Afterward, I needed to go downtown too pick up some necessities (wine, cigarettes, and, because I am still American after all, toothpaste). I walked to Monoprix, somewhat of a French equivalent of Target, which, like Target, I frequent way too much.
I picked up a baguette at “Le Petit Chou,” the veritable golden child of boulangeries in the area. Feeling brave, I even bought that day’s newspaper, in hopes of being able to siphon out at least the main points of various current events.
As I was doing all of this, walking purposefully through shortcut back-alleys, answering shopkeepers’ questions and pleasantries, loading my Carrefour reusable grocery bag with Camembert, plain yogurt, and Nutella, I admit I was probably a bit too self-congratulating.
“How comfortable this all feels now,” I thought to myself. “I must really be quite adapted to French life.”
With all of these rather pretentious ponderings nestled in my brain, I entered caught the next tram back to my dorms. As I entered and took my seat, I noticed a woman clutching her chest briskly walking in and standing by the door, with a hint of discomfort. Curious to what her problem may be, I continued to surreptitiously spy on her.
As the tram lurched at the next stop, the woman tentatively pulled at the neckline of her sweater and peered inside.
Slowly, a furry set of ears emerged from behind her wool collar. Smiling into what should have been just cleavage, she reached into her shirt, and pulled out, with one sweeping presentation, a tiny dusty-gray kitten.
The jig ostensibly being up, the woman seemed to have no fear of reproach as she brought the kitten lovingly up to her cheek, and patted it affectionately on its kiwi-sized head.
No longer concerned with social norms regarding staring, I could not tear my eyes away from this woman and her cat as I tried to diagnose her particular mental neurosis. Surely some nice men in white coats would be swarming her soon, attacking her with a syringe and a lint roller.

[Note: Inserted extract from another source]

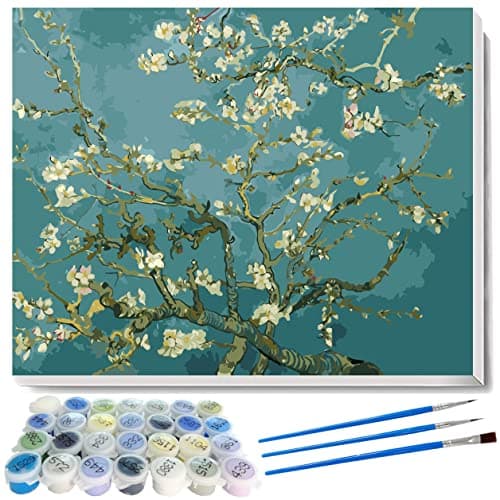 liziciti Kits de pintura por números, serie de obras maestras de Vincent Van Gogh, obras de arte de pintura al óleo para adultos, niños, principiantes, 40 x 50 cm, sin marco (flor de almendro)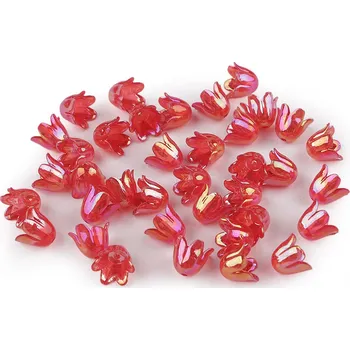 Korálek Plastové korálky zvoneček / sukýnka s AB efektem 9x11 mm Varianta: 4 červená, Balení: 10 g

However, as I looked around, it seemed that no one else seemed to be anticipating any sort of intervention. Indeed, perhaps more surprising than the tiny creature on the tram was the fact that I seemed to be the only one disturbed by it. Apparently, to the French, kittens are as commonplace as iPods on public transport.
To clarify, I do not believe in signs; I believe in irony.
But even I will accept that perfection in timing of this event. And, I am glad that I was not allowed to be too self-satisfied for too long.
The beauty of being foreign is being surprised. I do not want everything that happens here to be completely natural, mundane. What is the point of being abroad if you become so accustomed to your area that you no longer able to see with an outside view? I want to see things differently, because, I believe, that is how I am able to value everything I see to this extent. I pray that I will always see magnificence of my surroundings, that I will always appreciate the differences in culture and history, and that whenever I see a domesticated animal being pulled out of someone’s clothing on public transport, I will laugh until my stomach hurts.
Tuesday, December 1, 2009
Wednesday, October 14, 2009
Bad Of The Country
The funny thing about writing a blog is that it makes you think of your life as chapters in a book. How can I give this week a plot, a beginning, climbing action, climax, and conclusion? A thesis, an argument, a rebuttal?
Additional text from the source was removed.